While not the most impressive track on offer, “Con-truest (edit)” works as an opener in setting the direction of this release. The rhythmic drum work manages to be prevalent without being overbearing, forming the framework for the exquisitely alien synthscapes and drones that cover and dominate the higher frequencies. “Shrink” follows in the same vein, the chiming sounds lending a playful note to the initial drone-laden sound.
The first of two intermissions, “0#1” works nicely as a bridge towards “Burnout” a slower, yet solid collaboration with fellow Polish artist Synta[xe]rror. The title track, “Conclusion”, is a thoroughly danceable affair, its beat-driven pace coupled with some unintelligible yet surprisingly fitting lyric samples, providing a track that is somewhat simpler than the other offerings, yet fun.
In contrast, “Creep” follows with great elegance in the construction of a complex pattern while simply using the most abstract of sound bits and synths in one of the highlight tracks of the record. Still, “Practical Tool” is by far my favorite track of the record, the glitchy rhythm providing an excellent backdrop to lo-fi synths that will literally haunt you with their catchiness.
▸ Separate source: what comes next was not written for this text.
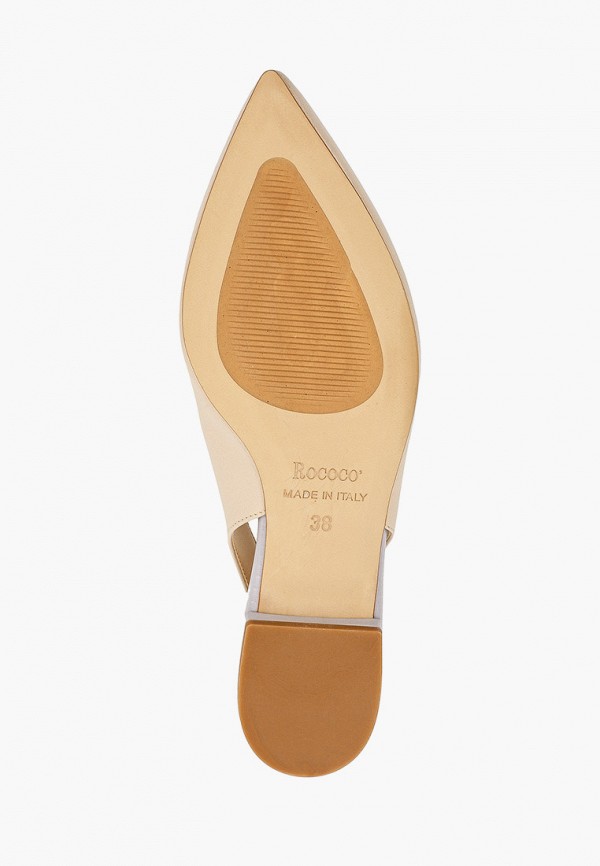 фото Туфли rococo’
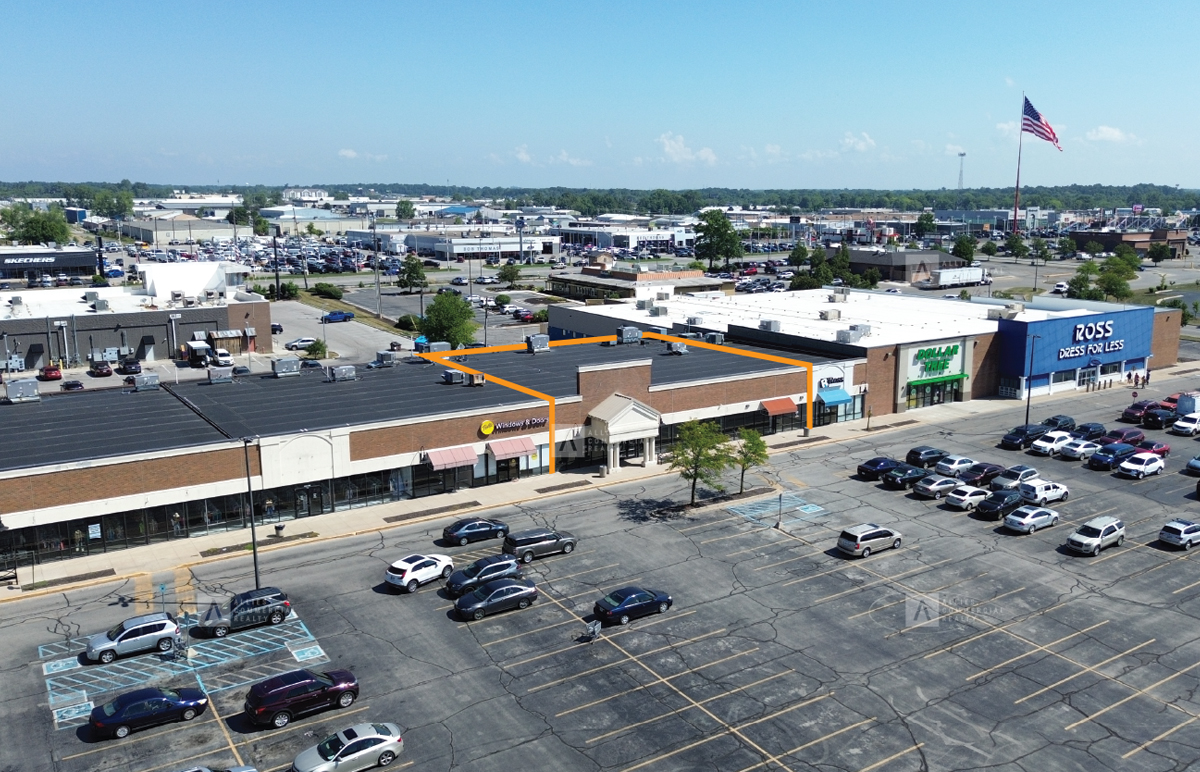 4122 Lima Rd Suite B15-16 <br> Fort Wayne – IN 46805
On a more synthpop note, “Like a Human” works nicely as a composition of C.H. District’s sound and Tomtylor’s vocals, if not as a surprising (yet welcome) exception to the overall lack of lyrics in the album. The second intermission follows suit, preparing the listener for the album’s final track, “Go Out”. Opening like something out of a NES game soundtrack, it follows in the same vein as “Practical Tool”, retaining the retro elements but swapping out the glitchy sound for a clean and equally catchy club track.
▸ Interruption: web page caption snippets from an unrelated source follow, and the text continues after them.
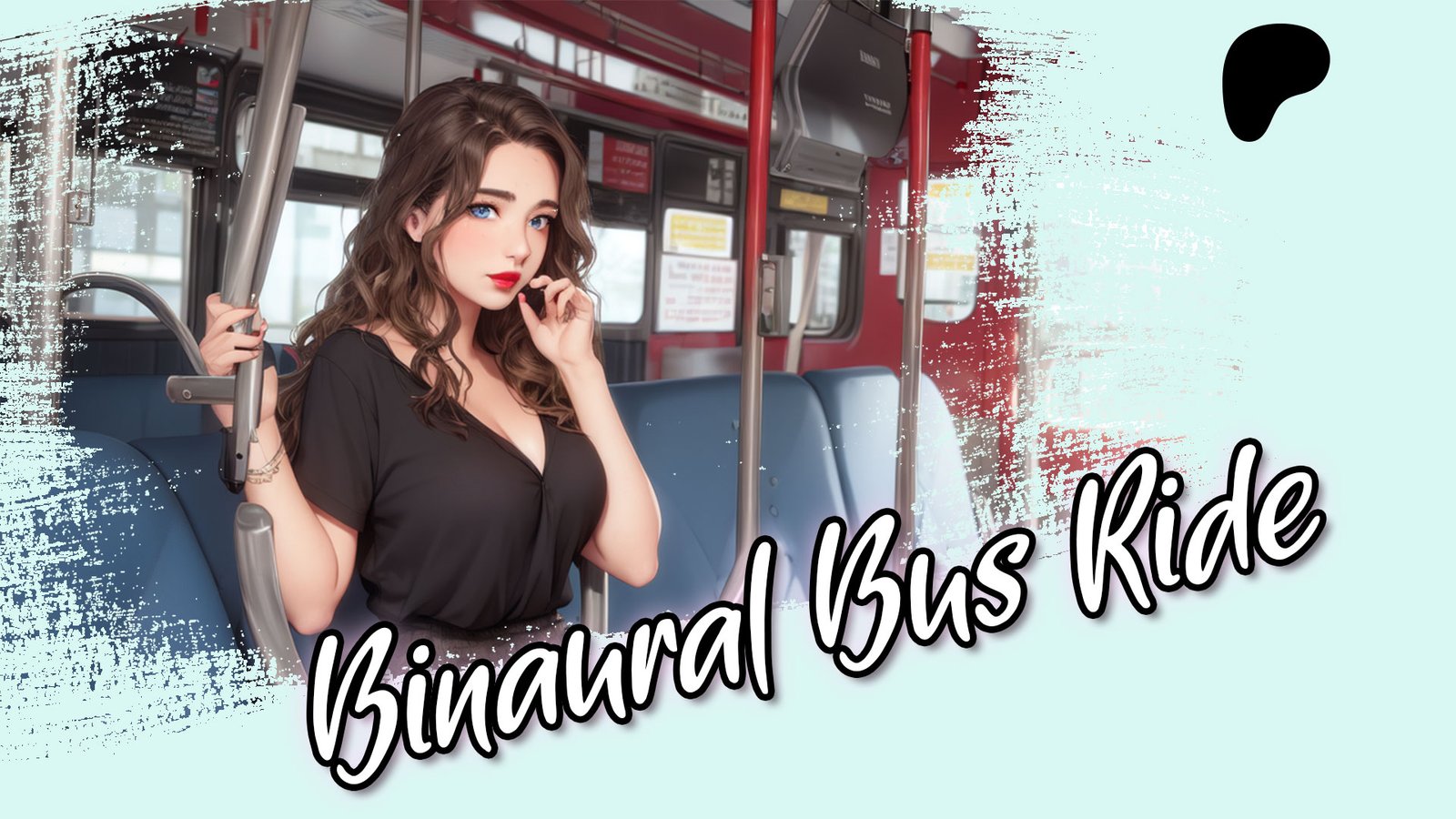 Hypnosis on the Bus Binaural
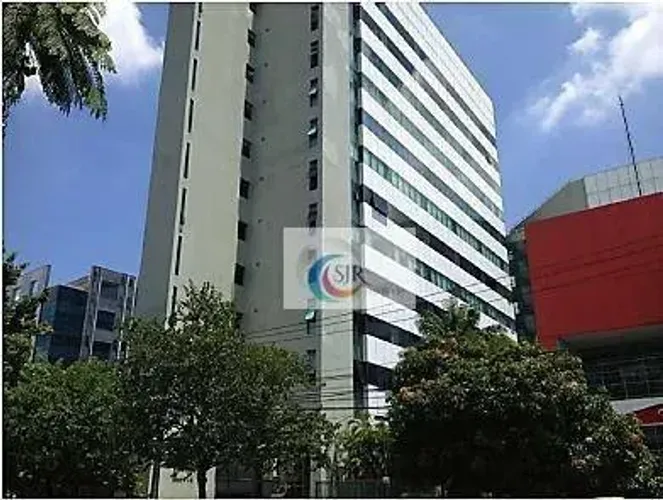 Conjunto comercial para locação, Brooklin, São Paulo.
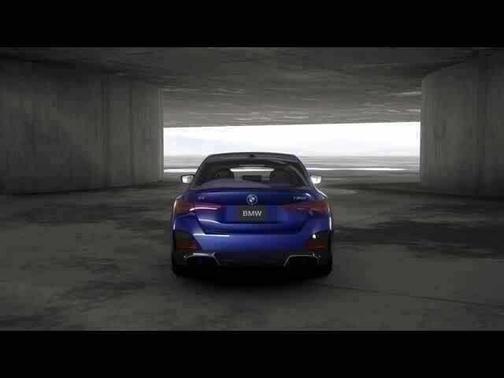 2025 BMW i4 Gran Coupe M50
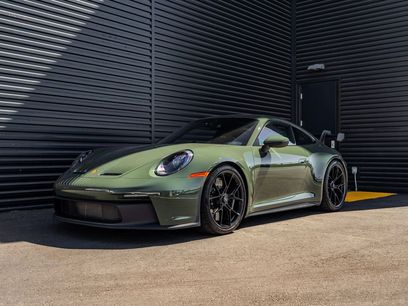 Used 2022 Porsche 911 GT3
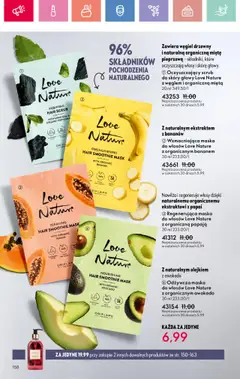 Oriflame Katalog 11 2025 od 27.07.2025 | Strona: 158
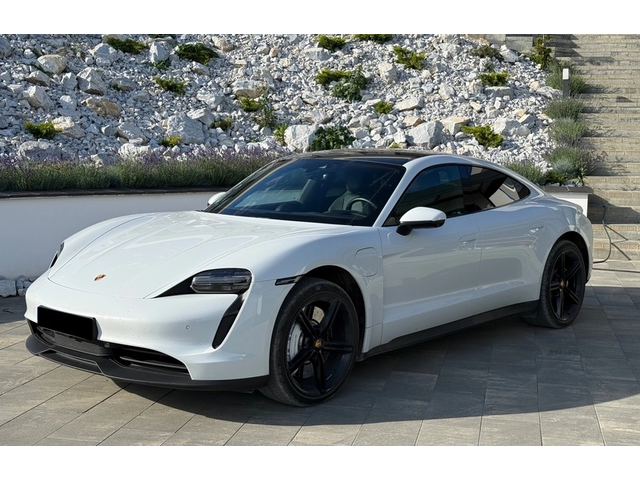 PORSCHE Taycan Taycan 4S Performance Plus 93.4 kWh - автомобили, коли, обяви за нови и употребявани 0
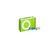 苹果(Apple)iPod shuffle 三代 2G MP3播放器(绿色)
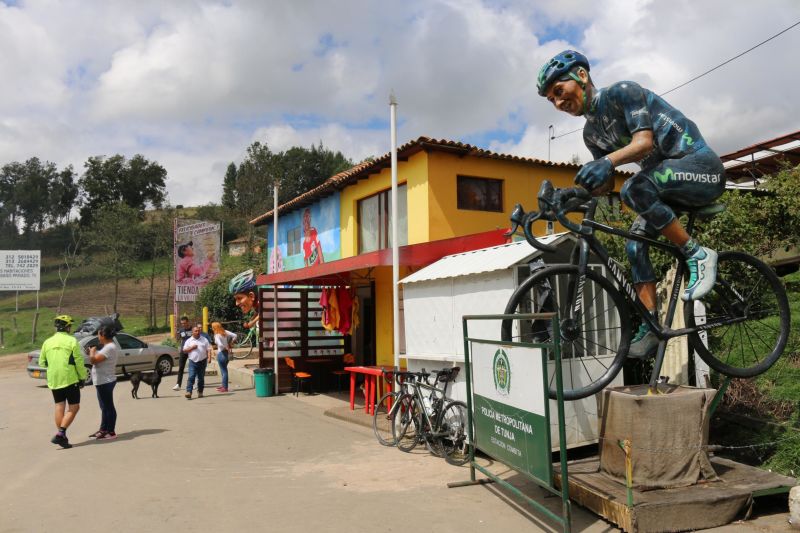 Tour de France 2018 Colombias cycling obsession CNN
“Conclusion”, ironically enough, is a record that just leaves you craving the next offering, with a sound alternating from the alien of Beefcake and retro-club of Oil10 to the lo-fi of Tarmvred. Don’t let the comparisons fool you though, as the musical work here certainly has its own character and sound, managing to offer great continuity as an album without sounding repetitive. Kudos to C.H. District for a job masterfully done.